Records excerpted from a collection:
|---|
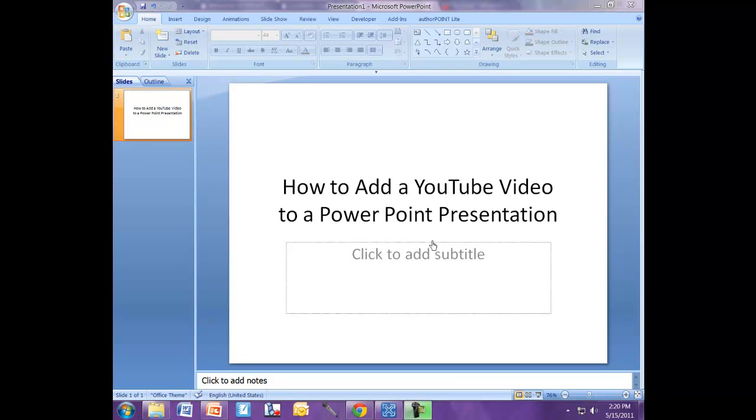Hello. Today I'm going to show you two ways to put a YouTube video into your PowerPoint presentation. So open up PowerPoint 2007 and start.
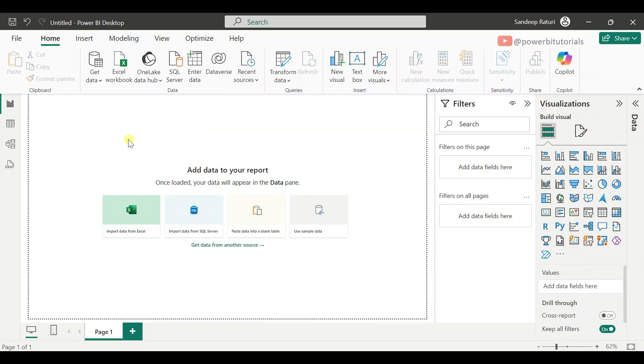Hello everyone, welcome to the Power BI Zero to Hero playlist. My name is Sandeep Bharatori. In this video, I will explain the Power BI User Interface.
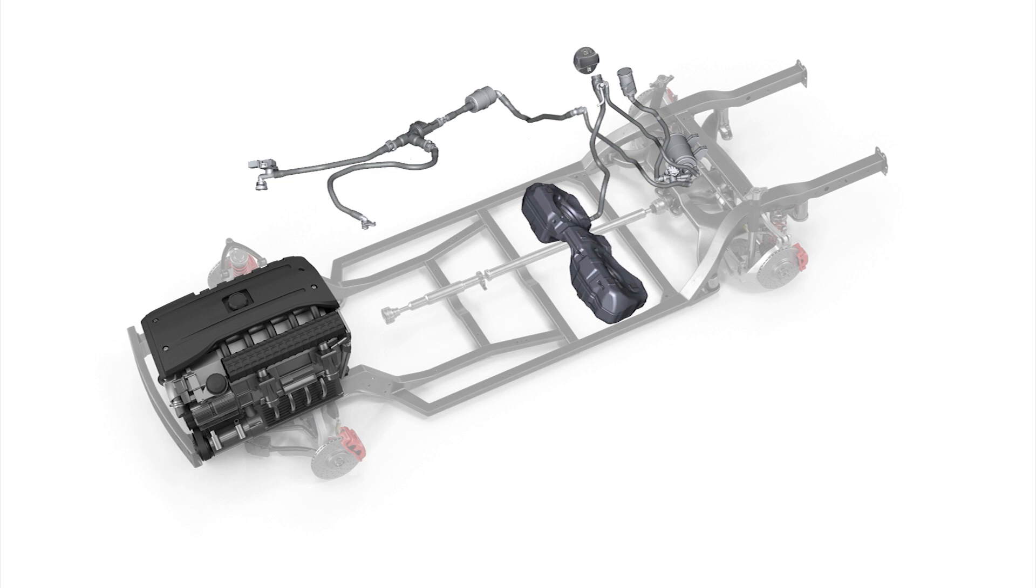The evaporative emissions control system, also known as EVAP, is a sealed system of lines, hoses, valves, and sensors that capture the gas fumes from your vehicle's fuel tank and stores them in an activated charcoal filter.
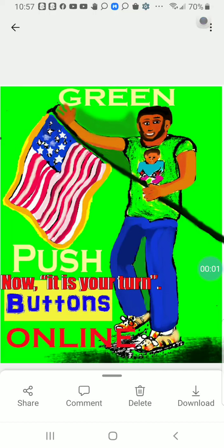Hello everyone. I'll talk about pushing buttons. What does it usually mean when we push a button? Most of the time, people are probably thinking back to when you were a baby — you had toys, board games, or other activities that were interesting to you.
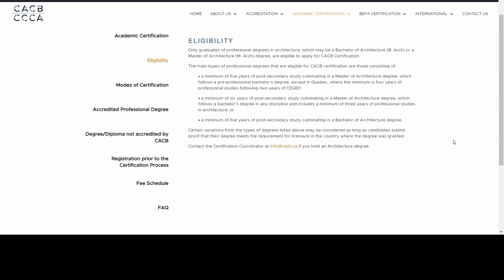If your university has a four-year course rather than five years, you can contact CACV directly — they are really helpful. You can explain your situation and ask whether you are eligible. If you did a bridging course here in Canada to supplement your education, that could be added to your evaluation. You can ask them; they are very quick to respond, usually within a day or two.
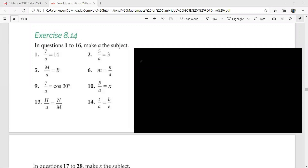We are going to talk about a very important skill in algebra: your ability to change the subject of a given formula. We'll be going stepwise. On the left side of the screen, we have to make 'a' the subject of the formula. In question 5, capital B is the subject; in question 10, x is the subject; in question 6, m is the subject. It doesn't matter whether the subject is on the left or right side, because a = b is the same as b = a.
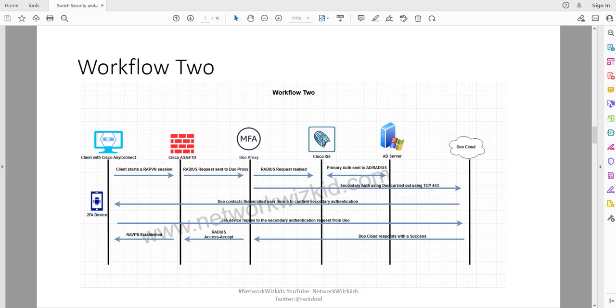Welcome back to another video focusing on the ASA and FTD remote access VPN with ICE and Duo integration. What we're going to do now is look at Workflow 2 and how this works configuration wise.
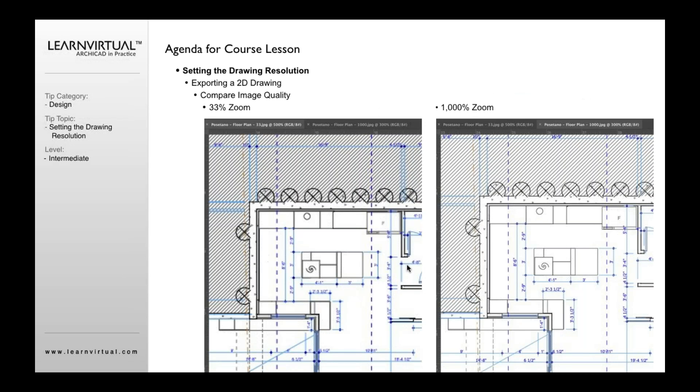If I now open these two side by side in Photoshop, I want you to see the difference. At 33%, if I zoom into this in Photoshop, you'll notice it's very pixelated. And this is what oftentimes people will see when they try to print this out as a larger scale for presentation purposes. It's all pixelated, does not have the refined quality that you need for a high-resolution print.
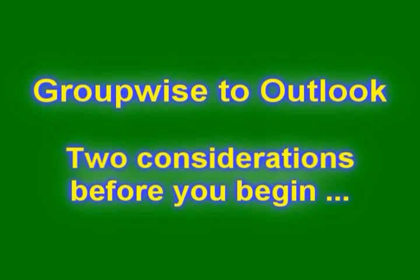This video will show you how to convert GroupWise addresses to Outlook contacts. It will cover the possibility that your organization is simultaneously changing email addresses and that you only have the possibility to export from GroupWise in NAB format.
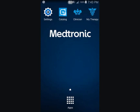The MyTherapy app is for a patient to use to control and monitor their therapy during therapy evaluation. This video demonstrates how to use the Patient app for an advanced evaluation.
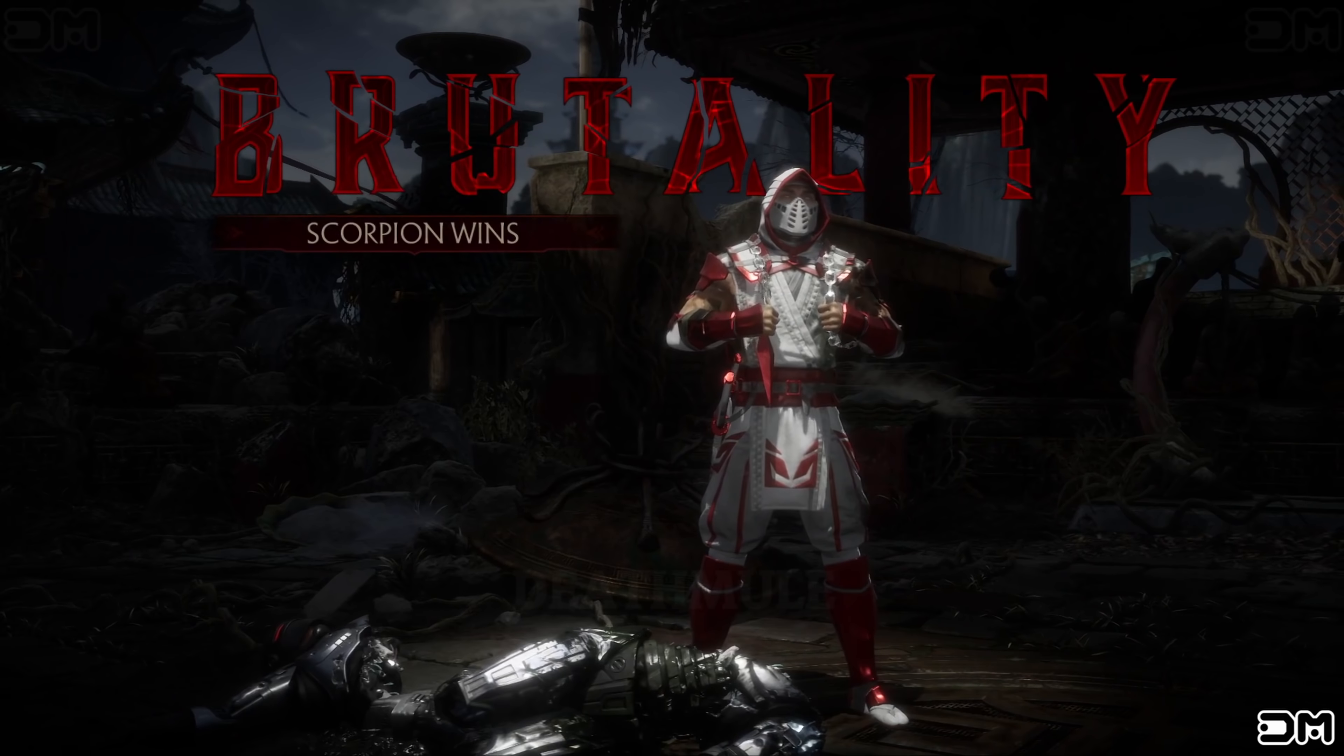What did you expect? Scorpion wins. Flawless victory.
|---|
WHAT TO DO:
Nothing but the lines above, starting at the line that contains "Hello everyone. I'll" and ending at the line that contains "If your university", should be given again, exactly and without the pictures.

EXERCISE OUTPUT:
Hello everyone. I'll talk about pushing buttons. What does it usually mean when we push a button? Most of the time, people are probably thinking back to when you were a baby — you had toys, board games, or other activities that were interesting to you.
If your university has a four-year course rather than five years, you can contact CACV directly — they are really helpful. You can explain your situation and ask whether you are eligible. If you did a bridging course here in Canada to supplement your education, that could be added to your evaluation. You can ask them; they are very quick to respond, usually within a day or two.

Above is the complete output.